## BRIEF
Go through the records and copy each line where the string "Wooden" occurs.

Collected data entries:
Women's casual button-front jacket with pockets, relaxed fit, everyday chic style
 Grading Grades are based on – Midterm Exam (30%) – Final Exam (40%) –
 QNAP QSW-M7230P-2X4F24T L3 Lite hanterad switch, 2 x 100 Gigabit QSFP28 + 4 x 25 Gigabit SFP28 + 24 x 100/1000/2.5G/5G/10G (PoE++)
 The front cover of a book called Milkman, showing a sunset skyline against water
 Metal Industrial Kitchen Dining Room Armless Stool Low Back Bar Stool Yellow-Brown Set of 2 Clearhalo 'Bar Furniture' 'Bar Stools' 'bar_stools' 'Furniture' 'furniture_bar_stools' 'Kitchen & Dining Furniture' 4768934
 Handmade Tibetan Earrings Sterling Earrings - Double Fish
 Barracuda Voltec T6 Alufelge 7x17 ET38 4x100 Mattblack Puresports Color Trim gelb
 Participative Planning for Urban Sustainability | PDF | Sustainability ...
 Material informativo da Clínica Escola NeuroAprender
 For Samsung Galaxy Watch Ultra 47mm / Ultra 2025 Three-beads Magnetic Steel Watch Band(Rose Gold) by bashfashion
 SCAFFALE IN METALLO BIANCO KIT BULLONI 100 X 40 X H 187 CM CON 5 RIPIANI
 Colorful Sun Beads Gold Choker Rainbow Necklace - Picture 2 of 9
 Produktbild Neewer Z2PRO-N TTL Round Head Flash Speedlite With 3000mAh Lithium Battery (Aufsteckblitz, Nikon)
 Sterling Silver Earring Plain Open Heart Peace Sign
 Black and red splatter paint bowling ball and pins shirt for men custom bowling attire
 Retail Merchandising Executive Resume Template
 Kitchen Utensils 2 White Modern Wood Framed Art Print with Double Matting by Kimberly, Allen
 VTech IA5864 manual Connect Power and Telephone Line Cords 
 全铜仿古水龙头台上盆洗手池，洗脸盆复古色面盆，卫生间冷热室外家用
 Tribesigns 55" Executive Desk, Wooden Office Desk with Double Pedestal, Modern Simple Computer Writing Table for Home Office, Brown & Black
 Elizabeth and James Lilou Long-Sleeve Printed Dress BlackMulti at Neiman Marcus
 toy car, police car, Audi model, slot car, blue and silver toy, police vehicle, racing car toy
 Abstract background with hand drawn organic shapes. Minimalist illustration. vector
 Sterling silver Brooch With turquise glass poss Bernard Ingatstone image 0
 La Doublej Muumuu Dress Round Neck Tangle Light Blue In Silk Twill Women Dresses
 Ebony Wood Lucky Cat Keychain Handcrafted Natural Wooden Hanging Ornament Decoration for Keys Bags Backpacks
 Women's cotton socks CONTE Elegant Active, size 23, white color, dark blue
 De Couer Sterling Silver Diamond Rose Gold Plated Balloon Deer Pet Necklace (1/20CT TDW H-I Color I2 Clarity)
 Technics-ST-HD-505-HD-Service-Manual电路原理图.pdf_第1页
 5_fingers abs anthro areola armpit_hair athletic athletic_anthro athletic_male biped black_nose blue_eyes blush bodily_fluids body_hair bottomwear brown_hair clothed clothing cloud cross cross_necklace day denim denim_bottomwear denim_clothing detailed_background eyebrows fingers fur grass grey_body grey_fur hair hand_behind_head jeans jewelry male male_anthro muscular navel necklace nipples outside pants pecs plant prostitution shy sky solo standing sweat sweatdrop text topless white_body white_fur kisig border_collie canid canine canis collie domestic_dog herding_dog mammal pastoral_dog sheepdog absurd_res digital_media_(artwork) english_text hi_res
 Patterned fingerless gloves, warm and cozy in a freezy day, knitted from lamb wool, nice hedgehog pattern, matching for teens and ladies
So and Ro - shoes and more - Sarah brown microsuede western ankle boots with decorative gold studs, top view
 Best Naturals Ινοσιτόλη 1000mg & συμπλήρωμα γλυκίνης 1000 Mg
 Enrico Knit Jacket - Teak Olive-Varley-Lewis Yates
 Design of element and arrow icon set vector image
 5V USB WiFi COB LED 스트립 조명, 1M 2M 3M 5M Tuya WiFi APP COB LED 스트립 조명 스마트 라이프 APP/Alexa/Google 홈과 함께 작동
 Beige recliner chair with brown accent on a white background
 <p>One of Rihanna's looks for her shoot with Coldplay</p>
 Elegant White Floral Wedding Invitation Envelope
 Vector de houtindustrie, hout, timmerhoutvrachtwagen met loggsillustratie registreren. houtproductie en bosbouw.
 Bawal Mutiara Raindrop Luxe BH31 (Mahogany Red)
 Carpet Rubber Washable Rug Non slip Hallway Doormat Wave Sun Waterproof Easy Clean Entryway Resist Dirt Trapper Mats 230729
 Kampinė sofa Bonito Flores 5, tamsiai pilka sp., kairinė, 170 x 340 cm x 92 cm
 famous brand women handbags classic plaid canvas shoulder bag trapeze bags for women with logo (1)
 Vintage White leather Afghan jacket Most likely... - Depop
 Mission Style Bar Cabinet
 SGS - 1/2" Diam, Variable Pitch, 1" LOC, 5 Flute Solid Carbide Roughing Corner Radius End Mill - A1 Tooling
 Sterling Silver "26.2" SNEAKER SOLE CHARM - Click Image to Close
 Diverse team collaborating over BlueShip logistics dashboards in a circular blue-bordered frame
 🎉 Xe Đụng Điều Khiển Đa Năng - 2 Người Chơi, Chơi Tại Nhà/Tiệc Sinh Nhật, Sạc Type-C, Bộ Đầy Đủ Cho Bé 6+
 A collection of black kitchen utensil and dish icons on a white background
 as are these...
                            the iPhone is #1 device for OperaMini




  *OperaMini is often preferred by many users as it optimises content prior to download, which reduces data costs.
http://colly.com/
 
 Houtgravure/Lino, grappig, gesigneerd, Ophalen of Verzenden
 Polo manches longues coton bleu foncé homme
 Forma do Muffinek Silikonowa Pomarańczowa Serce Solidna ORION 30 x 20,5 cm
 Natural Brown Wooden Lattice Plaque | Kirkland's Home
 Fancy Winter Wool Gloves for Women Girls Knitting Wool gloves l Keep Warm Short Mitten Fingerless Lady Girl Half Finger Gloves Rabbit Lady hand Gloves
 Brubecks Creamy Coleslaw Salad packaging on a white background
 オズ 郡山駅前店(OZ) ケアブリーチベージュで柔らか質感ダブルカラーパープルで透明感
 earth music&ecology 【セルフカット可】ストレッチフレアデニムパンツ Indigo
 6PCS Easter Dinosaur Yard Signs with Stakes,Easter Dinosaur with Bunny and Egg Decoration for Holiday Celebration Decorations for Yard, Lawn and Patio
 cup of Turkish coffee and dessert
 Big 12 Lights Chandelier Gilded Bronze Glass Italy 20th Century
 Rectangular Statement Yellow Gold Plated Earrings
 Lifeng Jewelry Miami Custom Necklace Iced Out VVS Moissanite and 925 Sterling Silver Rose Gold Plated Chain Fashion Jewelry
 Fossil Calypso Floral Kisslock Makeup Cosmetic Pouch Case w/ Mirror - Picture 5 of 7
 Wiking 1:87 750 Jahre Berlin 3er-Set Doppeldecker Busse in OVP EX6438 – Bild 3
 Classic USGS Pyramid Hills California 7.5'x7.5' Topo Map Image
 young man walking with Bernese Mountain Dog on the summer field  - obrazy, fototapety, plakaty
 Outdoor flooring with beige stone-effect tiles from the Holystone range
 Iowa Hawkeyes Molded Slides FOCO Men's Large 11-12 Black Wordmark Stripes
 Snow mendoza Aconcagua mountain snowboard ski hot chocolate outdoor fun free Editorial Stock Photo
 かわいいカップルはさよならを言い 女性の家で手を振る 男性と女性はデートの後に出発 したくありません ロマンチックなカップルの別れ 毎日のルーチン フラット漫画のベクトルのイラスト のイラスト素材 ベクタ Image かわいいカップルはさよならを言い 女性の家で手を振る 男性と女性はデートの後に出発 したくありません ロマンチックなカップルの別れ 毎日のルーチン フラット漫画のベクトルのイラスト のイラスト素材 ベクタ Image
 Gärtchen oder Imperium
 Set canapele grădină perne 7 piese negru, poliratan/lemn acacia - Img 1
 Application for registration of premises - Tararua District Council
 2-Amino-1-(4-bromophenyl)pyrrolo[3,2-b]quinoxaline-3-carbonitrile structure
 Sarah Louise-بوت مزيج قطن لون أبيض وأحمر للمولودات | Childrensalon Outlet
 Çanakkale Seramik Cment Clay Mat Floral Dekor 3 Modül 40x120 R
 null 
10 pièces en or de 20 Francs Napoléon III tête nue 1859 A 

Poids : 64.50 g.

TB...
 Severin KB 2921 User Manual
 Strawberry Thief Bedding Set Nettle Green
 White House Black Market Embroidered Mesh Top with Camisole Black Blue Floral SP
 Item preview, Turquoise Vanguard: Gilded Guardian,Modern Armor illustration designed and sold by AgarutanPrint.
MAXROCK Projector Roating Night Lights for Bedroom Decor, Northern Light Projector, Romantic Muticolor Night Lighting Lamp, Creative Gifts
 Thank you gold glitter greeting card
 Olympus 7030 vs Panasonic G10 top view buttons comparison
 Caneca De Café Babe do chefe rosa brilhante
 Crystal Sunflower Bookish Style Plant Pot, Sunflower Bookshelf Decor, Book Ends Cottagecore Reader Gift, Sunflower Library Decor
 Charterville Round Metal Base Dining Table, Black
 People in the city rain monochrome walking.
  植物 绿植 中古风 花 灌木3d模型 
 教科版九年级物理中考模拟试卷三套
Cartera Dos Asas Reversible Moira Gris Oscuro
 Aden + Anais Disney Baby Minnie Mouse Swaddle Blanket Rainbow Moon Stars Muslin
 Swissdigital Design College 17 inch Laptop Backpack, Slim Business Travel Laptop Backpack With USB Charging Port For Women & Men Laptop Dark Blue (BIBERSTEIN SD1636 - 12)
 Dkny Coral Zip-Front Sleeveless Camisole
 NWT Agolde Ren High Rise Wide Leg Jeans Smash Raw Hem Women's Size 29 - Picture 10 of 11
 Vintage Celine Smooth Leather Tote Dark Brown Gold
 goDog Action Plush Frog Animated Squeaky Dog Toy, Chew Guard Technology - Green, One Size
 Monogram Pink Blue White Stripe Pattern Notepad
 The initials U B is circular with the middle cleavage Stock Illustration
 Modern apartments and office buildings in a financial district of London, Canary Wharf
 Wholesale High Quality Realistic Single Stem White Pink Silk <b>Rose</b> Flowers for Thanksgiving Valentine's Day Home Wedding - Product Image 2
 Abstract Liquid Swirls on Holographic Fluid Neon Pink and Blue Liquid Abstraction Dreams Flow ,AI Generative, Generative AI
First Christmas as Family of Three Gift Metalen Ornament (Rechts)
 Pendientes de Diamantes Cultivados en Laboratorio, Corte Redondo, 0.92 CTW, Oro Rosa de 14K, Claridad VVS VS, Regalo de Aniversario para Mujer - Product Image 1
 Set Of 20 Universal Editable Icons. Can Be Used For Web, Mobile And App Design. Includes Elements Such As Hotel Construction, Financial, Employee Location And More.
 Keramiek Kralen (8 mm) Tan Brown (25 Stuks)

## ANSWER TO THE PROBLEM
 Tribesigns 55" Executive Desk, Wooden Office Desk with Double Pedestal, Modern Simple Computer Writing Table for Home Office, Brown & Black
 Ebony Wood Lucky Cat Keychain Handcrafted Natural Wooden Hanging Ornament Decoration for Keys Bags Backpacks
 Natural Brown Wooden Lattice Plaque | Kirkland's Home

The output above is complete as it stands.